A colorful salad served in a crispy tortilla bowl with spiced beef, beans, cheese, and fresh salsa toppings.
# List of Ingredients:
→ Tortilla Bowls
01 - 4 large flour tortillas (10-inch)
02 - 2 tablespoons vegetable oil
→ Beef Mixture
03 - 14 ounces ground beef
04 - 1 small onion, finely chopped
05 - 2 cloves garlic, minced
06 - 2 teaspoons chili powder
07 - 1 teaspoon ground cumin
08 - 1/2 teaspoon smoked paprika
09 - 1/2 teaspoon salt
10 - 1/4 teaspoon black pepper
→ Salad
11 - 1 can (14 ounces) black beans, drained and rinsed
12 - 5 ounces cherry tomatoes, halved
13 - 1 small head romaine lettuce, shredded
14 - 3.5 ounces shredded cheddar cheese
15 - 1 small red onion, thinly sliced
16 - 1 avocado, diced
17 - 1/2 cup corn kernels (fresh, frozen, or canned)
→ Toppings
18 - 1/2 cup salsa
19 - 1/2 cup sour cream
20 - Fresh cilantro leaves, for garnish
21 - Lime wedges, for serving
# How-To Steps:
01 - Preheat the oven to 400°F. Brush both sides of each tortilla with vegetable oil. Drape each tortilla over an inverted oven-safe bowl or ramekin placed on a baking sheet to shape a bowl.
02 - Bake the tortillas for 8 to 10 minutes until golden and crisp. Remove from the oven, allow to cool, then carefully detach from the molds.
03 - Heat a large skillet over medium heat. Add ground beef and cook until browned, breaking apart with a spoon. Drain excess fat. Add onion and garlic; sauté for 2 to 3 minutes until softened. Stir in chili powder, cumin, smoked paprika, salt, and pepper; cook for 1 more minute.
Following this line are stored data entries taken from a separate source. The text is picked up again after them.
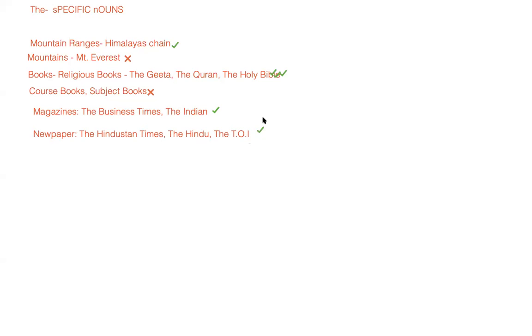And then the Hindu, the Times of India - newspapers will of course bear the word 'the'. And magazines like this will of course bear the word 'the'.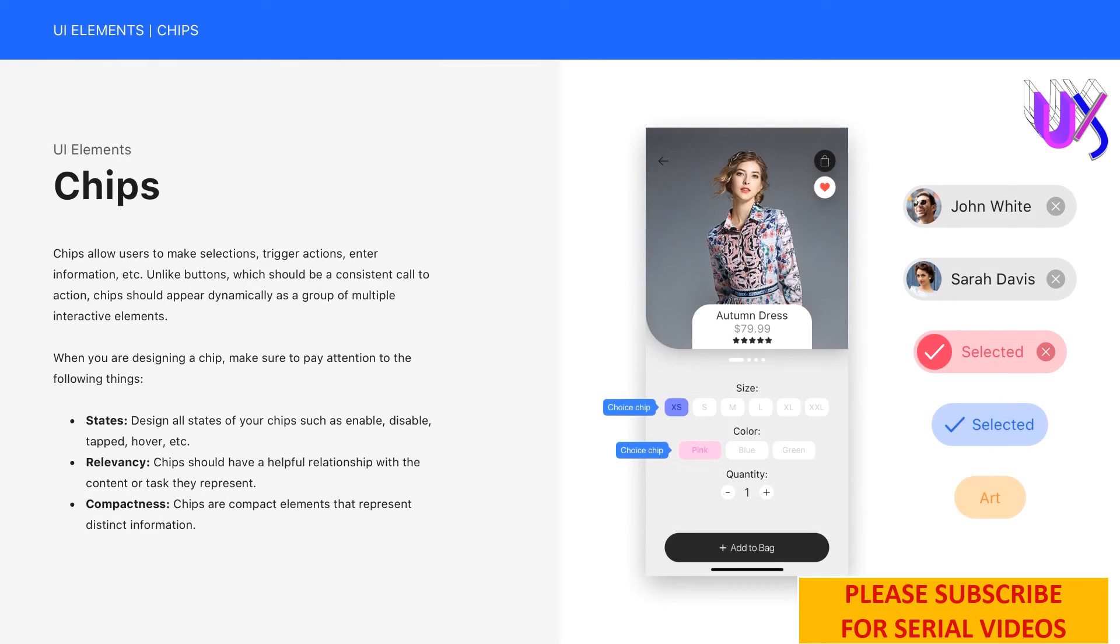If you look at the picture on the right side, you can see that we have different chips. Some of them have icons or even an image. On the other hand, some of them only have a text. So make sure to use them in your UI design carefully.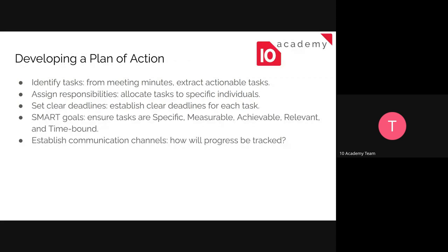As for developing a plan of action, the first task is identifying the tasks. We already have a structured meeting minute extracted from the transcript. From the meeting minutes that you have written, you need to extract actionable tasks and assign the specific individual responsible for those tasks. The first element is the what, the second is the who, and the last is the when — setting clear deadlines, meaning assigning a clear deadline for each task already assigned to individuals.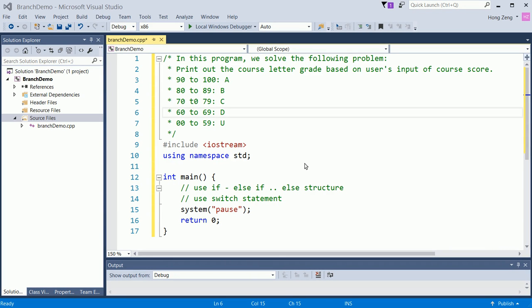This video is recorded to help my students understand how to use if, else if, else structure, and how to use switch statement to solve some choice problems.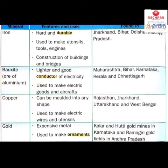The most expensive metal is gold. It is an expensive metal and we make ornaments from it — rings, bangles, earrings, chains. Gold is found in Kolar and Hatti gold mines in Karnataka and Ramagiri gold fields in Andhra Pradesh.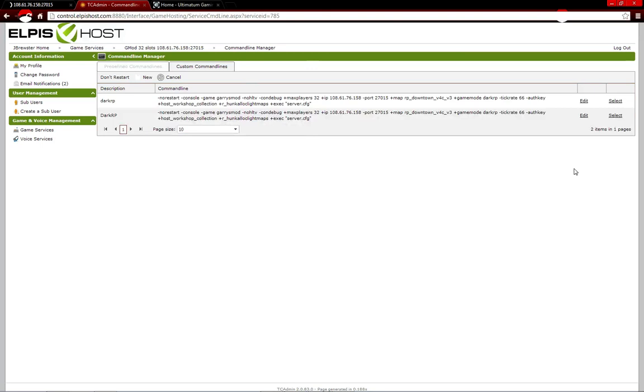And then, just click Save. And then, select the one you just made. So, select that and then it works just like that.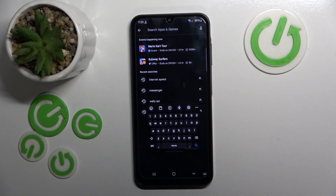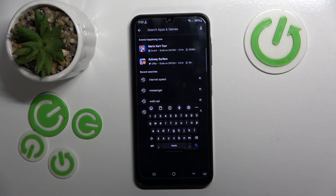Hello, in this video I will show you how to fix floating keyboard on Samsung Galaxy A15.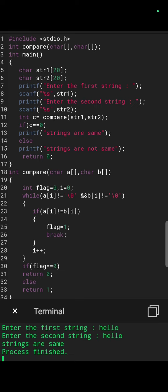Now if flag equal to 0, it returns 0, otherwise it returns 1. So again we go to line number 11. If c value equal to 0, both strings are same, otherwise not same. Thank you.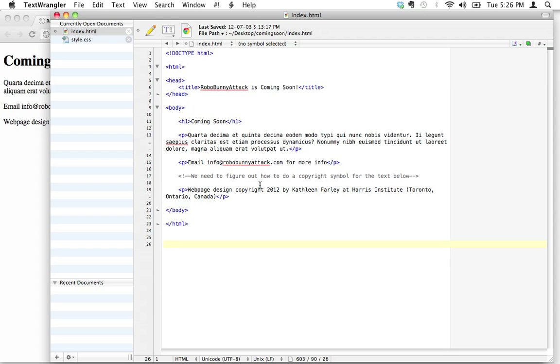So I've got a note to myself here, a comment to myself that says we need to figure out how to do a copyright symbol for the text below. So let's figure that out now.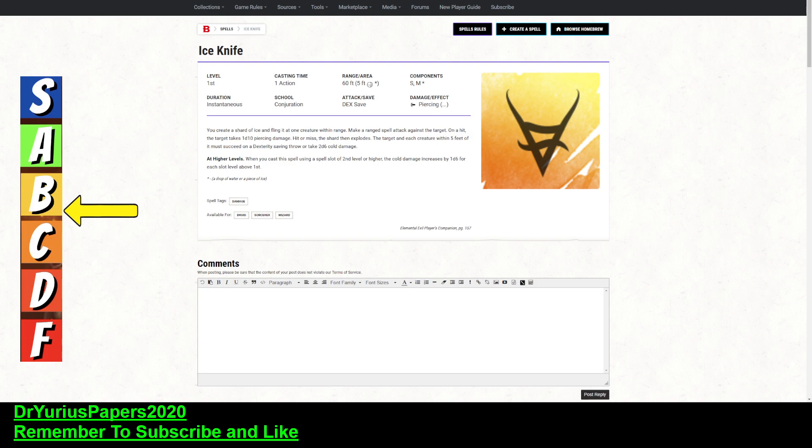There are probably some other better spells than this one. Magic Missile does less damage, but it automatically hits. But this does do some area of effect.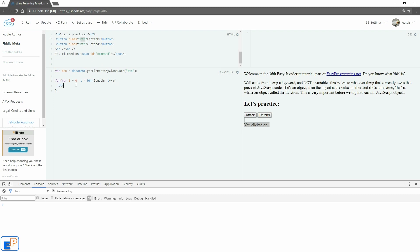So we'll do button[i].addEventListener, we're adding an event listener to these buttons, click function, let's close it, let's do the console log first. So the console log, we'll do this.innerText.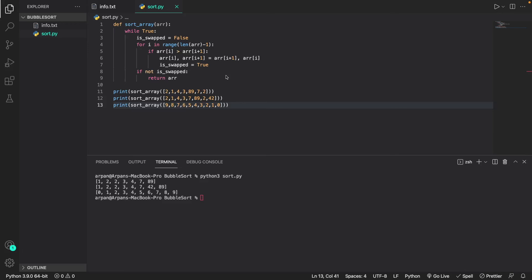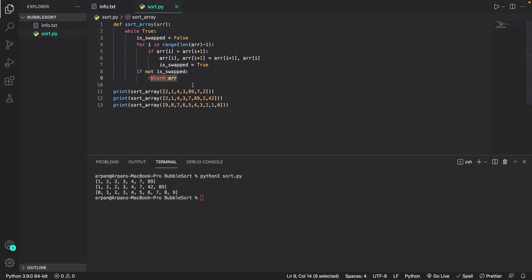To recap: the algorithm runs the while loop and iterates over the array using a for loop. It compares adjacent elements, and if the current element is greater than the next one, it swaps the values and sets is_swapped to true, then runs again. Once all elements are sorted, is_swapped remains false since no swaps are needed, and we return the sorted array.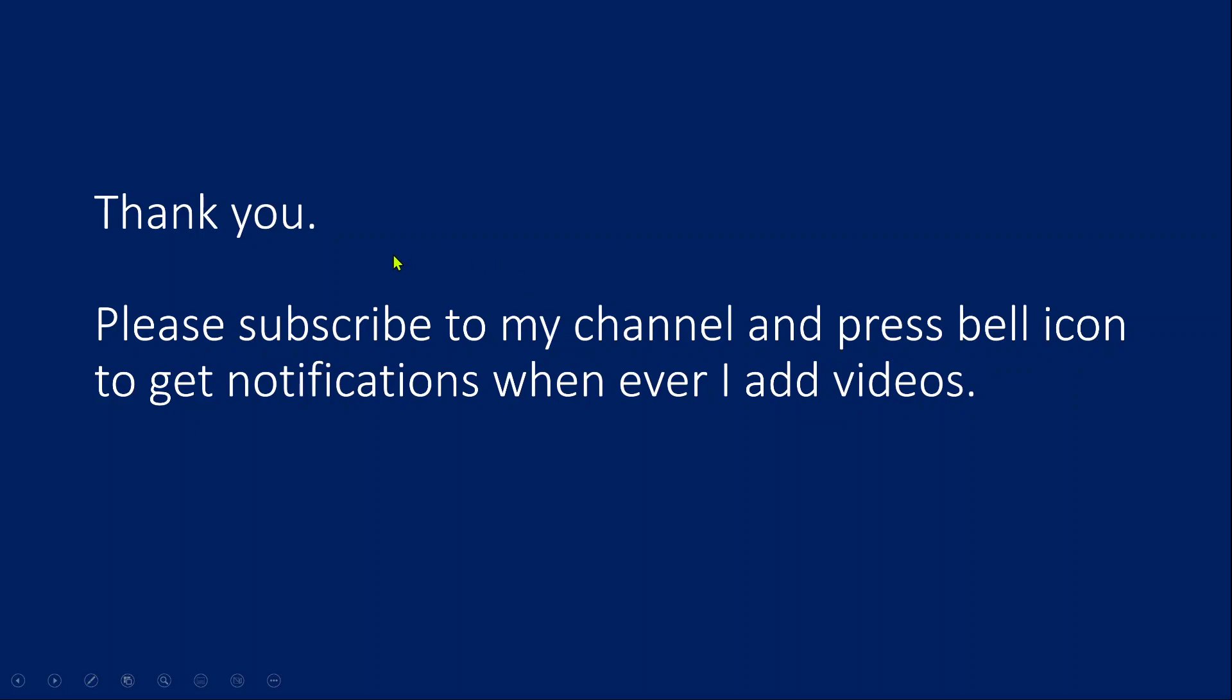Thank you for watching this video. Please subscribe to my channel and press the bell icon to get notifications. Thank you so much.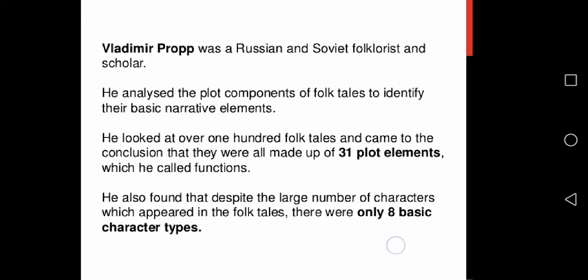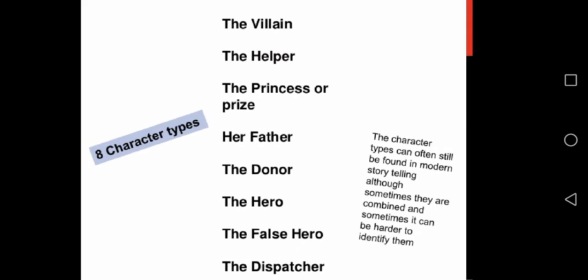According to his narrative technique, which is based on the analysis of 100 folktales from the corpus of Alexander Afanasyev, there were 31 basic structural elements that typically occurred in Russian fairy tales.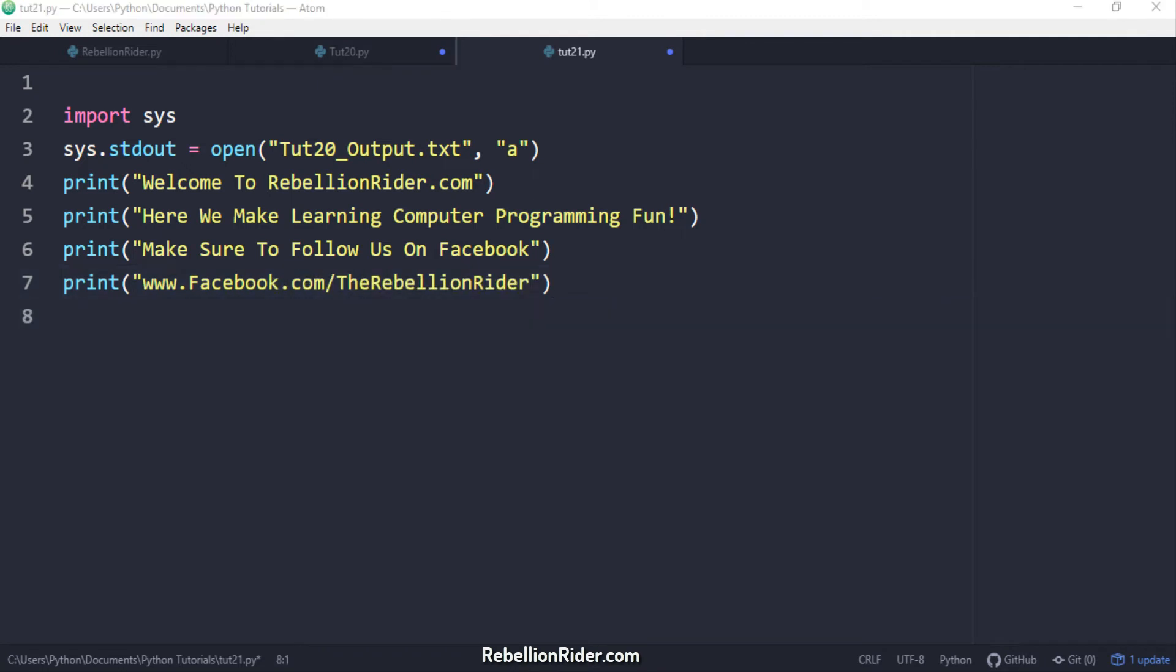Now we have total 4 python print function calls here. I have not used file parameter in any of these calls. Now let's execute and see if their outputs also get saved into the file.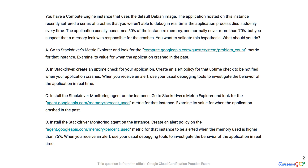It's very important to the process of understanding Google Cloud and passing the certification exam that you go through the question and attempt answering it yourself first. So pause the video, work through the question. We'll catch up in just a little while, and I'll show you how I do it.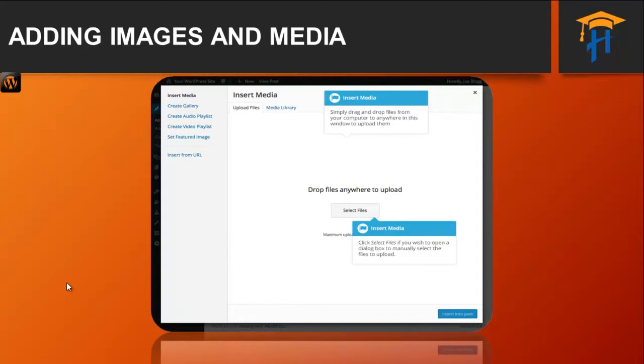Alternatively, click the Select File button and then select the files that you would like to upload using the dialog window that is displayed.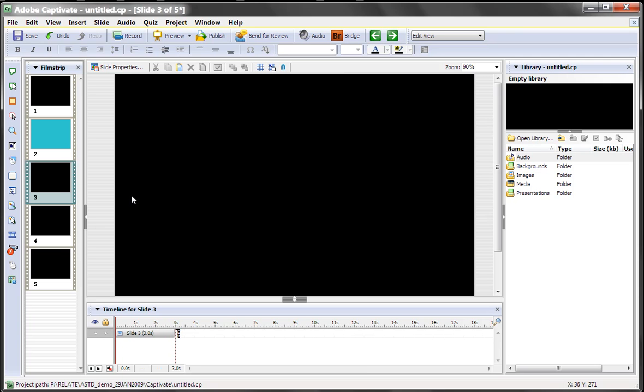And there you have it, a real quick way to change the background colors in your Captivate pieces. For Quick Tips, I'm Rick Zanotti with Relate.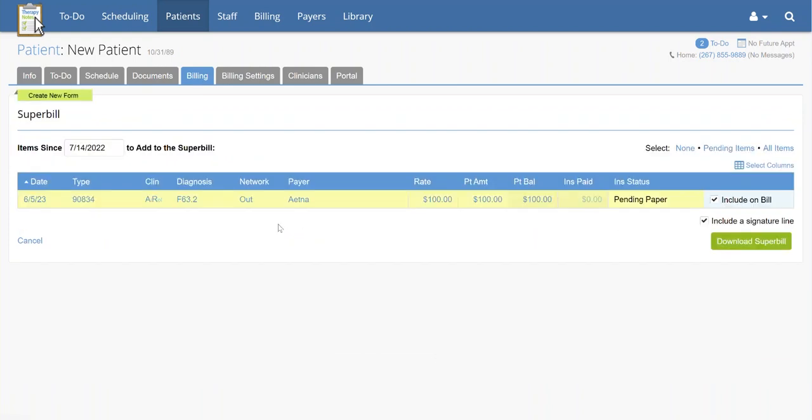To the right, check off the boxes labeled Include on Bill for any date you would like to include on the Superbill. If you would like to have a signature line on the Superbill, check the box next to Include a Signature Line.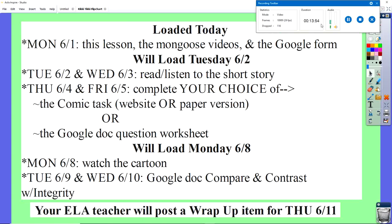Let's look at what's coming today and in the future. Today is June 1st — you have my lesson right now, and there are mongoose videos where mongooses in real life fight snakes, plus a Google form with about four or five questions. Tomorrow is Tuesday, and Wednesday you will read and listen to Rikki-Tikki-Tavi — you must read this story, do not skip it. Thursday and Friday you will complete either the comic strip task or the Google document questions. Next Monday, June 8th, you will watch the cartoon.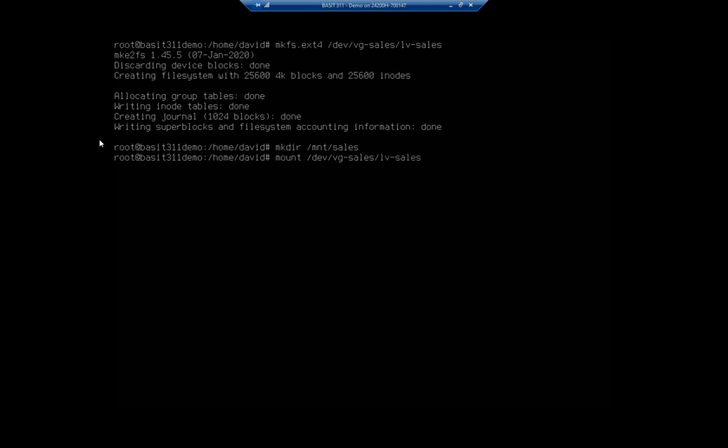So volume group sales and the logical volume sales is what I named them. And then I'm going to mount it to mnt-sales.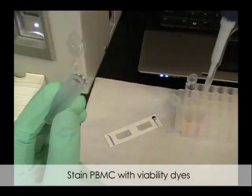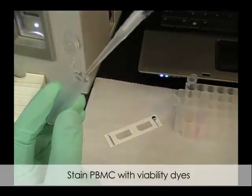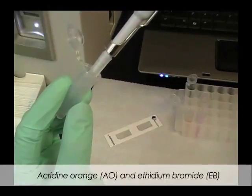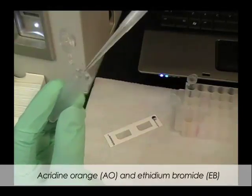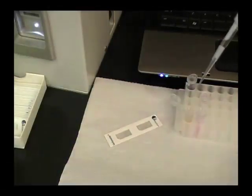Nucleus staining dyes are added to the PBMC sample. In this example, acridine orange and ethidium bromide are used.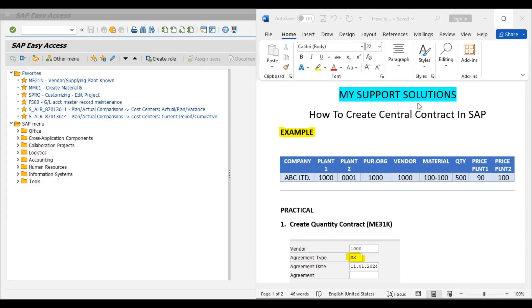Hello and welcome to My Support Solution YouTube channel. In this video session we will learn how to create a central contract in SAP.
Remove from heat.
04 - In a large mixing bowl, combine shredded romaine lettuce, halved cherry tomatoes, drained black beans, corn kernels, sliced red onion, and diced avocado. Toss gently to distribute ingredients evenly.
05 - Place each tortilla bowl on individual plates. Fill with the salad mixture, then layer with the warm beef mixture. Sprinkle shredded cheddar cheese on top.
06 - Top with salsa and sour cream. Garnish with fresh cilantro leaves and serve alongside lime wedges.